Yup. We can’t give estimates of uncertainty. Their argument I ellipsed out above reveals their muddled thinking:
Regarding confidence intervals, the problem is that, for example, a 95% confidence interval does not indicate that the parameter of interest has a 95% probability of being within the interval. Rather, it means merely that if an infinite number of samples were taken and confidence intervals computed, 95% of the confidence intervals would capture the population parameter. Analogous to how the NHSTP fails to provide the probability of the null hypothesis, which is needed to provide a strong case for rejecting it, confidence intervals do not provide a strong case for concluding that the population parameter of interest is likely to be within the stated interval.
This shows that their problems are not with significance tests themselves, but with the frequentist approach to statistics. In the world outside of basic and applied social psychology, a confidence interval does “provide a strong case for concluding that the population parameter of interest is likely to be within the stated interval” if you do the philosophical leg-work.
The key idea which makes frequentist statistics work is the idea that there is a parameter we are interested, say the average IQ of editors of psychology journals. We don’t know what the real value of this is, so we estimate it. The estimate is called the estimator (and what we are estimating is the estimand). At this point the frequentist can show their art knowledge:
“MagrittePipe” by Image taken from a University of Alabama site, “Approaches to Modernism”: . Licensed under Fair use via Wikipedia.

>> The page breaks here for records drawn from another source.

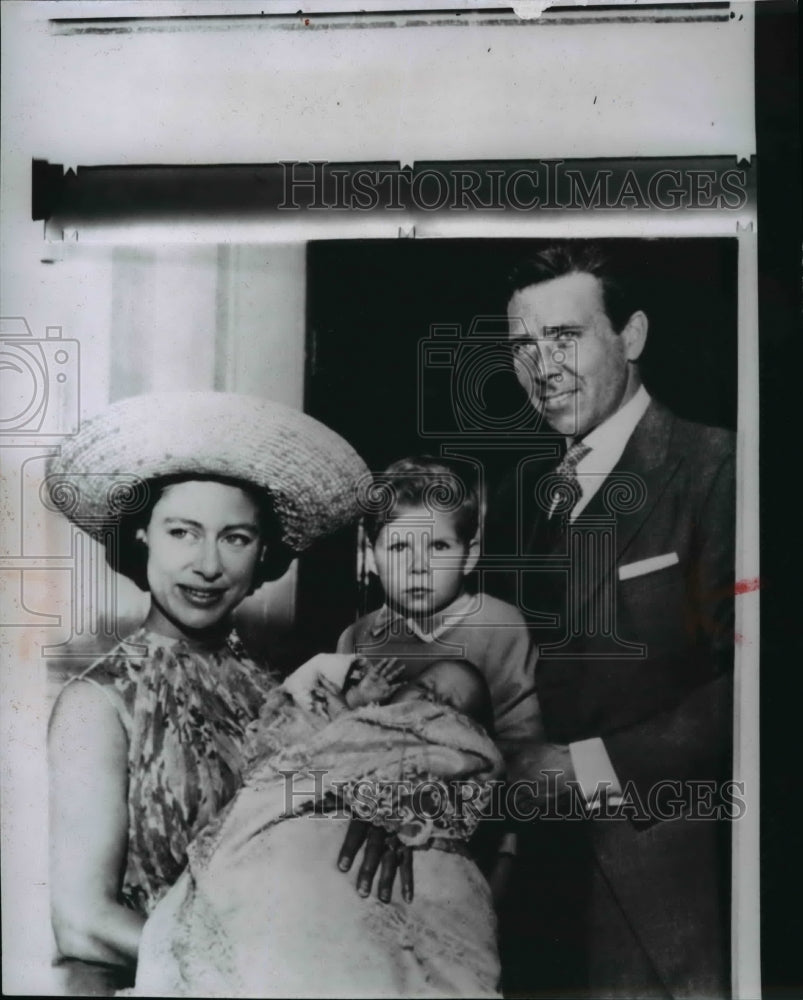 1964 Press Photo Lord Snowdon and his wife, Princess Margaret and children. - Historic Images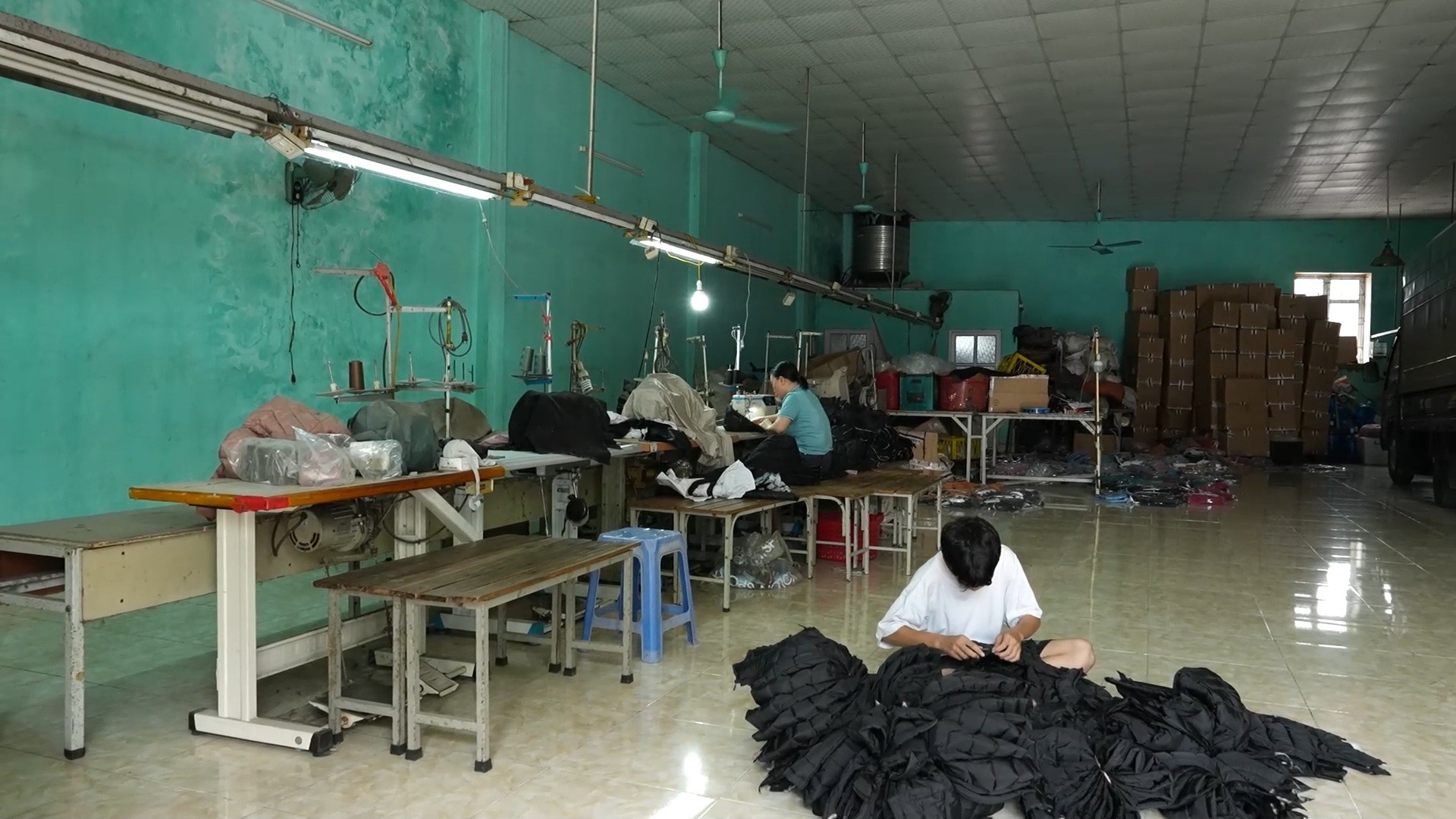 'Mái ấm gia đình Việt': MC Thanh Thảo, Lương Thu Trang và Đỗ Hoàng Hiệp nghẹn lòng trước nỗi đau mất cha của các em nhỏ mồ côi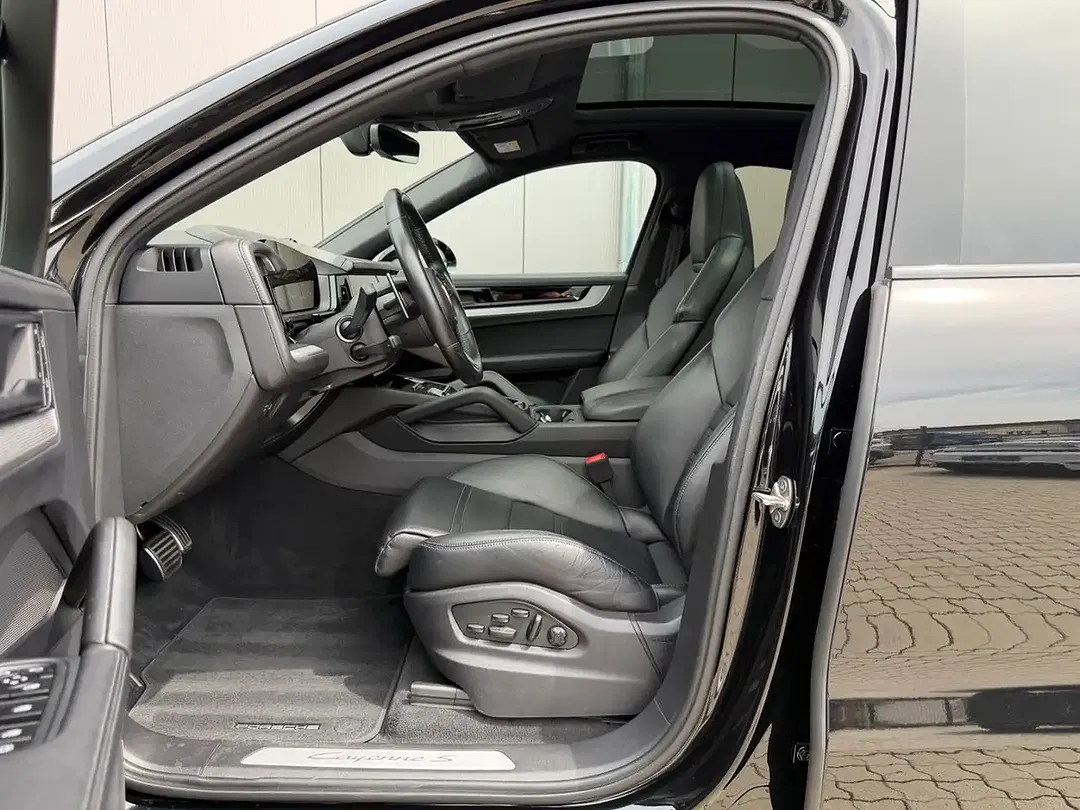 Porsche Cayenne - Thumbnail 6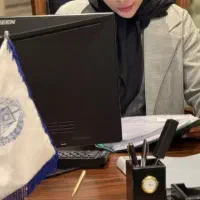 وکیل دادگستری خانم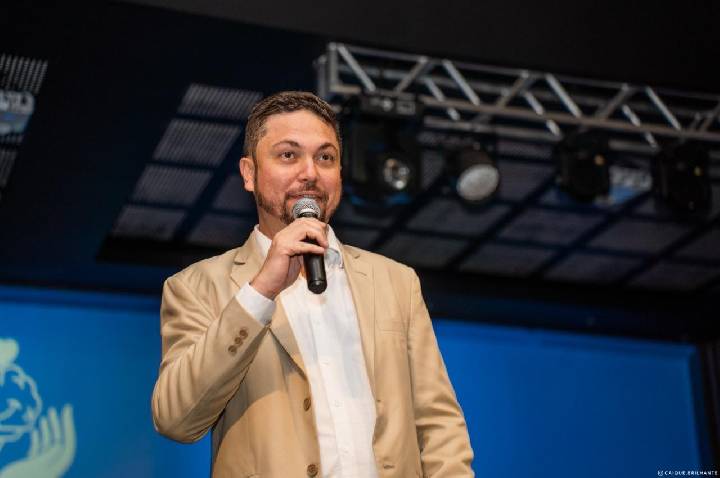 Movimentação estratégica: Jonatas França filia-se ao Republicanos e fortalece pré-candidatura à Câmara Federal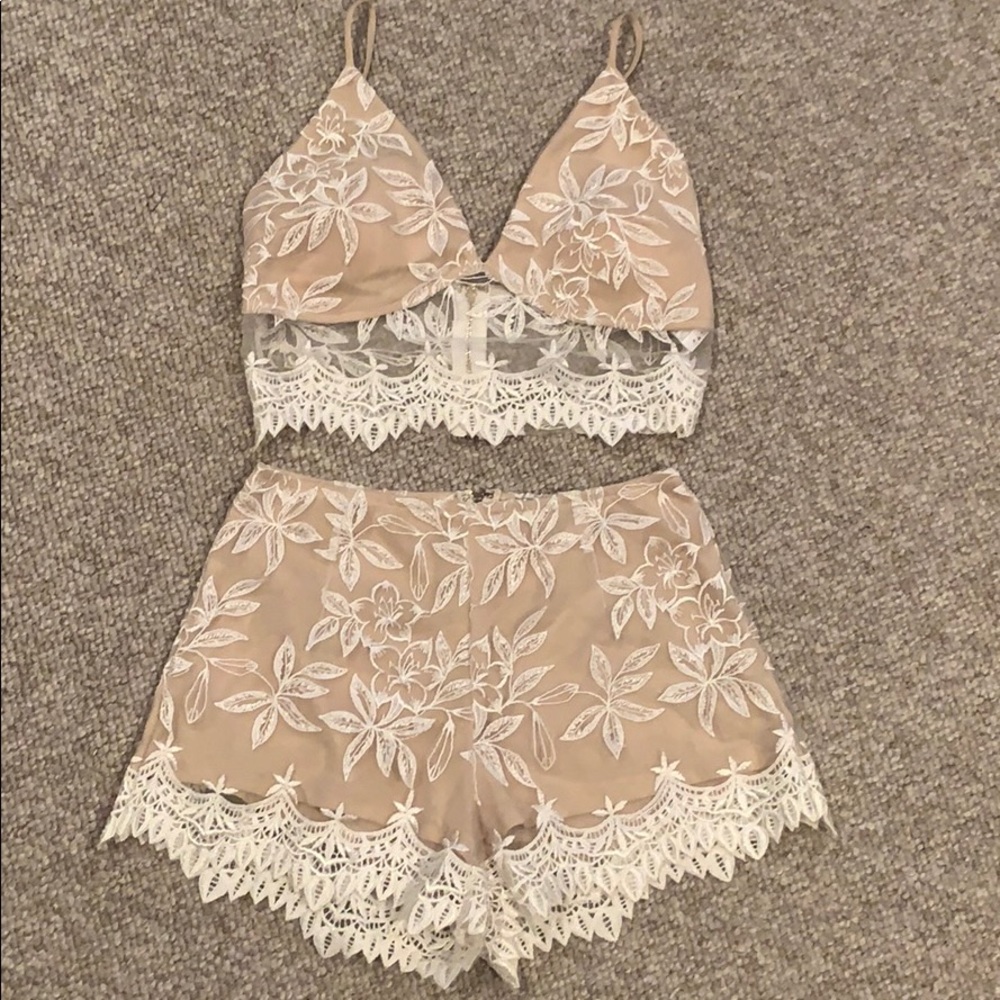 Two piece dressy set!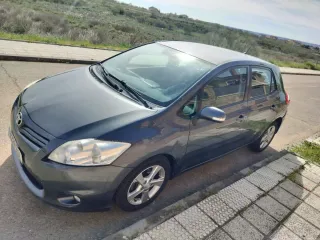 Toyota Auris 2011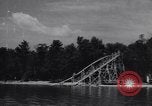 Standbild Mädchen im Wasser Park Enfield Maine USA, 1938, aus Sekunde 20 historischem Filmmaterial Videoclip 65675037137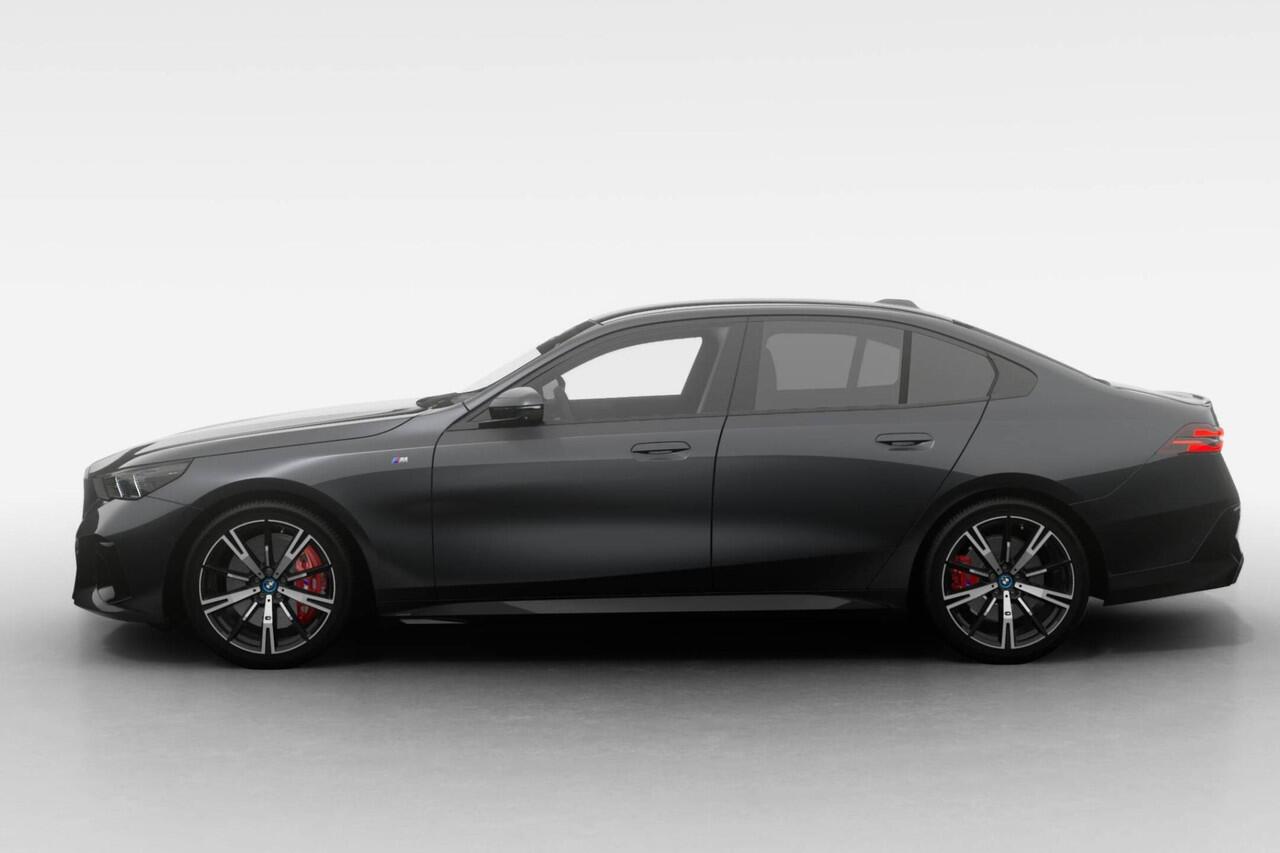 BMW i5 Sedan eDrive40 M Sport Edition | M Sport Pro | Travel Pack | Comfort Pack | Trekhaak | Getint Glas | Laadaansluiting 22kW | VPLD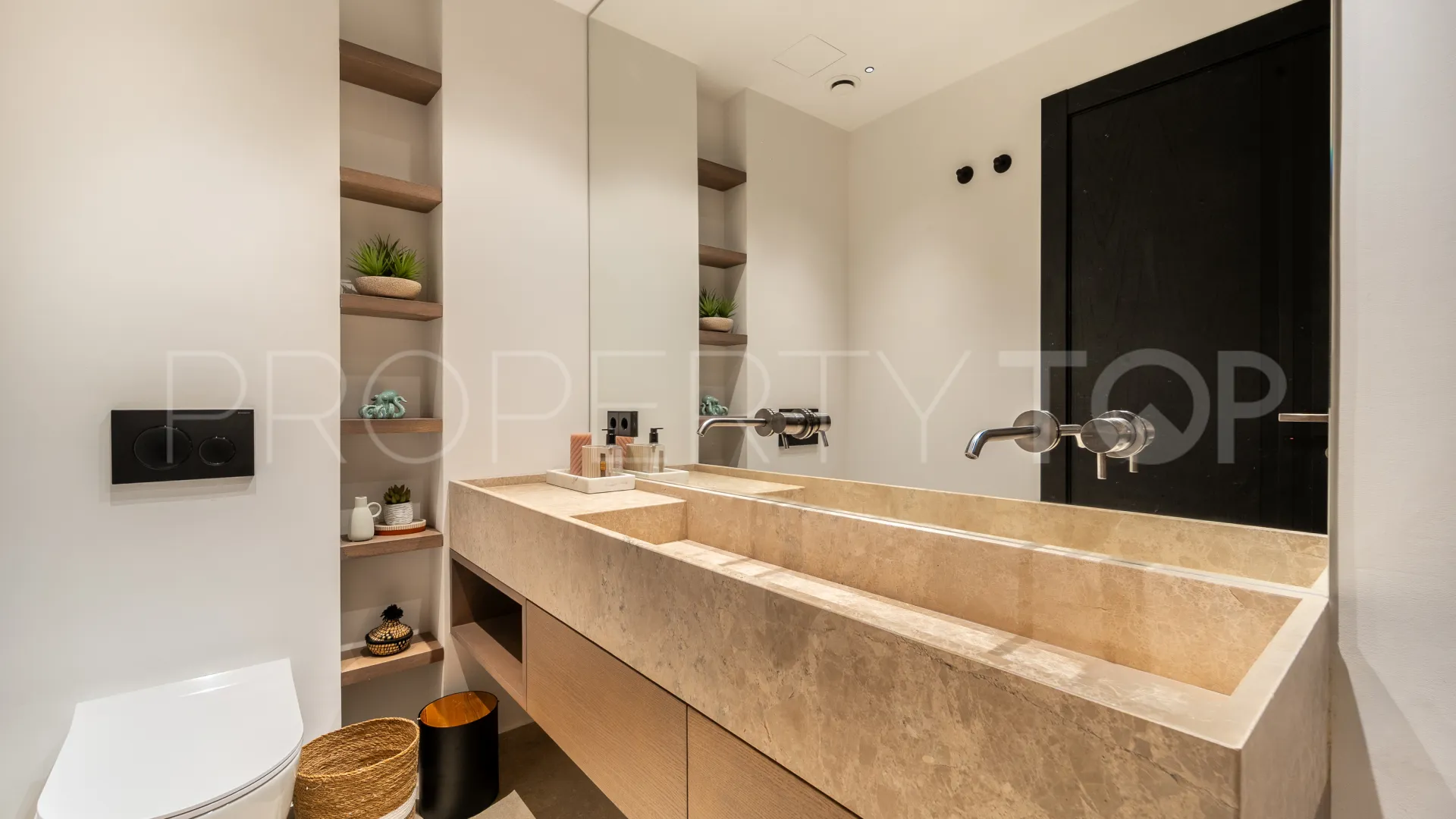 Villa a la venta en Los Arqueros de 5 dormitorios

The estimator is not the estimand, but hopefully it is a good estimator of it, and one can make probability statements about the parameter (such giving a probability that it is less than a certain value), at the cost of making the probability being of the data. In the frequentist interpretation, what we see is the data, which is random, so we can only make statements about that. Statistics, such as parameter estimates, are functions of the data, so statements about variability of the estimators have to be statements about variability of the data.
If one accepts the frequentist interpretation, then you have to accept that all your summaries are statements about the data, not the parameters. As most analyses are frequentist, the editors are ditching these analyses. This gets worse, as we’ll see.
The editors then go close to throwing the main alternative under the bus too:
Bayesian procedures are more interesting. The usual problem with Bayesian procedures is that they depend on some sort of Laplacian assumption to generate numbers where none exist. The Laplacian assumption is that when in a state of ignorance, the researcher should assign an equal probability to each possibility. … [W]ith respect to Bayesian procedures, we reserve the right to make case-by-case judgments, and thus Bayesian procedures are neither required nor banned from BASP.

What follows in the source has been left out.